複雑・ファジー小説
- Re: 大三島の風から—妖と海賊の物語— 『第二章更新中』 ( No.36 )
- 日時: 2011/09/09 21:09
- 名前: 火矢 八重 (ID: 6DNfJ1VU)
「ゴメン、待たせちゃって!」
金龍から降りた汐音は、すぐ少女の元へ走った。
「遅かったわ。金龍で来たんじゃないの?」
「うん、そうなんだけど。まあ、見逃してよ」
「仕様がないわねえ」
会話に花を咲かせる汐音と少女。
「あら?見かけない人が居るわね。この方は?」
少女が後ろに居る通康に気付いた。
「あー、この方は村上通康。私の世話係みたいなものだよ。
通康、この子は大祝鶴姫。巫女で、色々視えるんだ」
「えッ・・・」
通康は少し驚いた表情を見せた。
「あら、貴方も視えるんですか?」
鶴姫が微笑む。
「あ、はい、そうです・・・」
少し、声が小さくなった通康。
ふと、通康は前の自分を思い出した。
———あの頃は。ずっと一人だけ不幸だと思っていた。
『やーい、嘘つき』
『疫病神、出てけー!』
『どうしてそんな嘘をつくの!』
脳裏に刻みつけられた、蔑みの声。時々頭に響く。
自分だけ不幸で、自分だけにしか視えなくて、周りに八つ当たりしていた頃の、自分。————汐音と言い、通宣といい、鶴姫といい、何故こんなに視える人が沢山居るのに、前の自分は自分だけにしか視えないと思っていたのだろう。

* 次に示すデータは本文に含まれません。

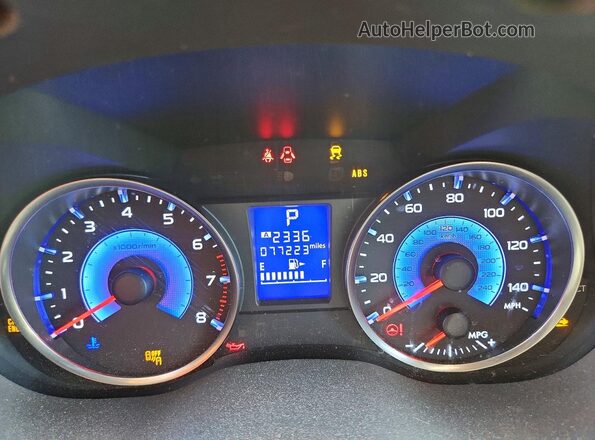 JF2GPBLC3GH260417 2016 SUBARU CROSSTREK Silver Widok zestawu wskaźników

自分だけが苦労していると思っていた。自分だけが辛い目に遭っていると思った。
だが、自分と同じぐらい苦労しているハズの汐音や鶴姫たちの笑顔に、前の自分がだんだんと、恥ずかしくなっていった。
「・・・康、通康」
汐音の声に、はっと我にかえる通康。
「大丈夫?痛そうな顔していたよ?」
「あ、うん。大丈夫」
通康は言うが、汐音はもっと心配しそうな顔になった。
「本当に?痛い時は、痛いって言ってね?」
通康は思った。
————どうして、この少女はこんなにも優しいんだろう。どうして、俺は自分のことしか考えられないんだろう。
比べれば比べるほど、自分がどんなに愚かだったのか判る。
通康は汐音が羨ましく、そして、自分に失望した。